### EXERCISE
Transcribe the listing that follows in full, exactly, and drop its images.

### DATASET EXTRACT
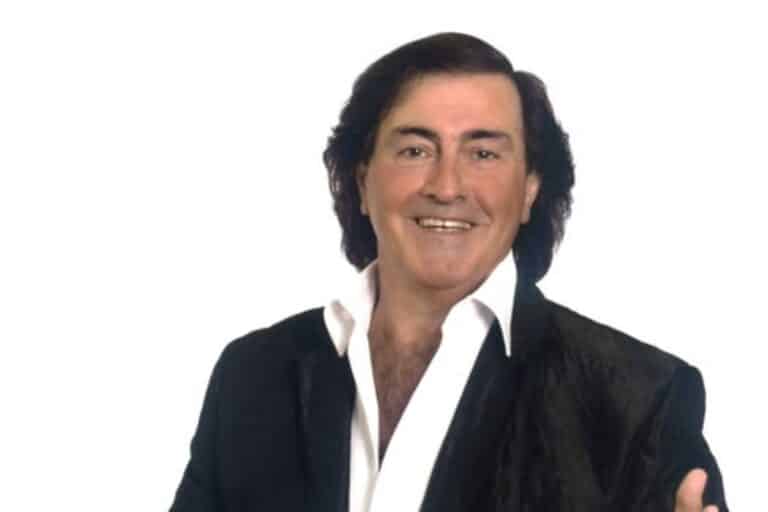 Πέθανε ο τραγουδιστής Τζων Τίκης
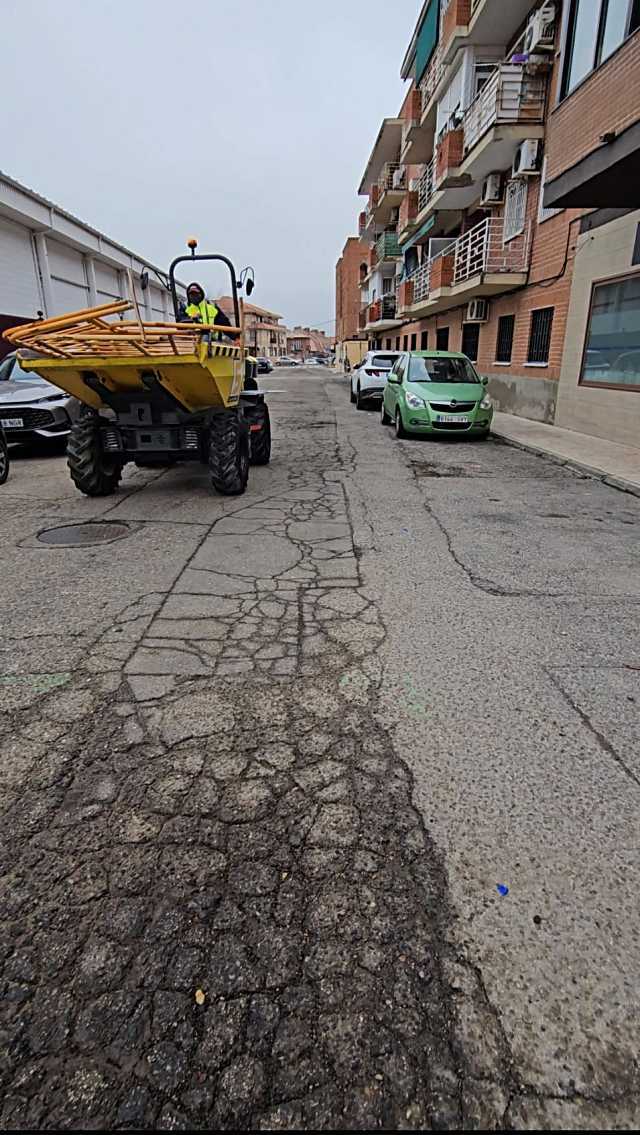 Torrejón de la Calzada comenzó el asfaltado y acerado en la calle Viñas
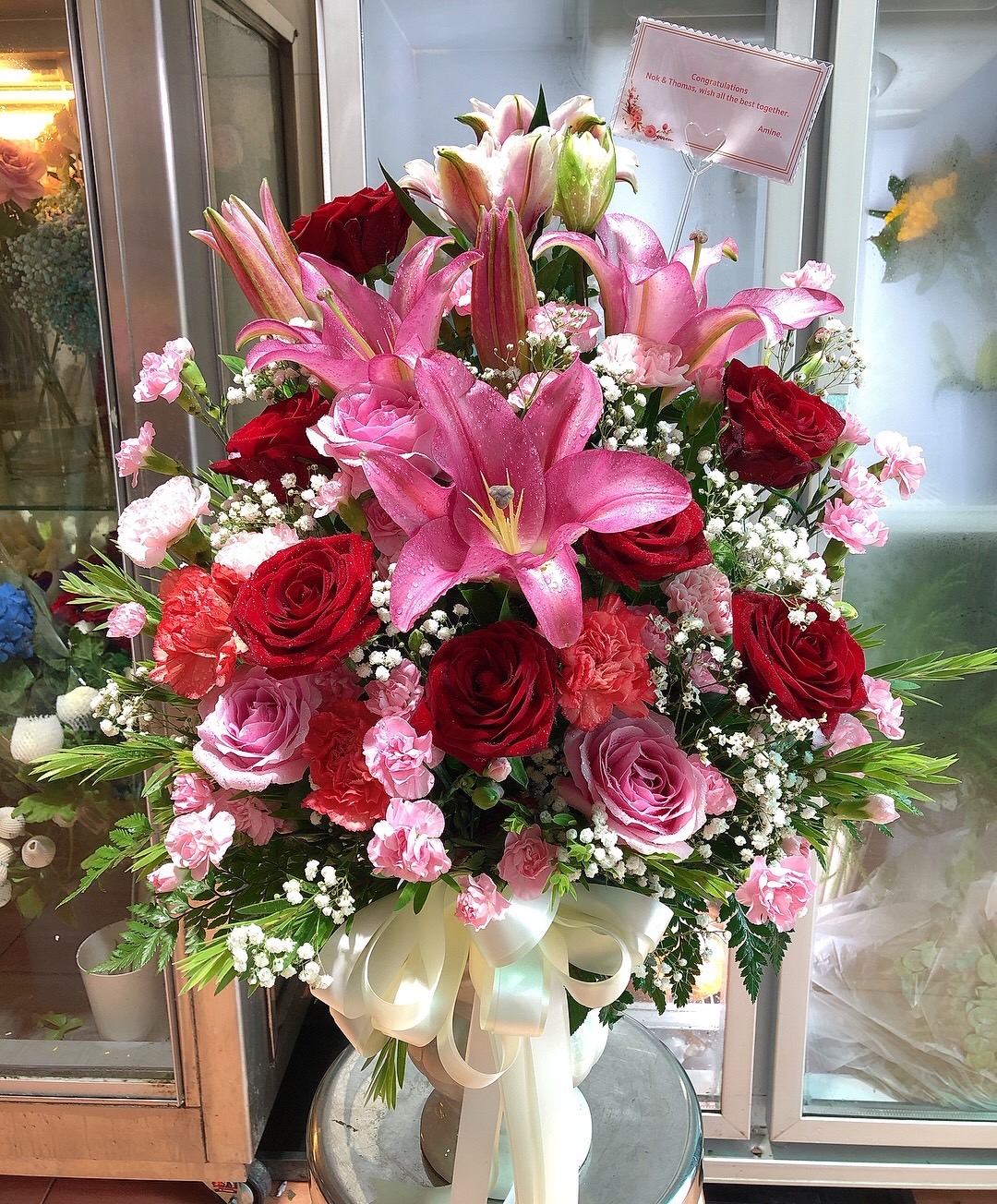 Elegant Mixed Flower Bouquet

### ANSWER AREA
 Πέθανε ο τραγουδιστής Τζων Τίκης
 Torrejón de la Calzada comenzó el asfaltado y acerado en la calle Viñas
 Elegant Mixed Flower Bouquet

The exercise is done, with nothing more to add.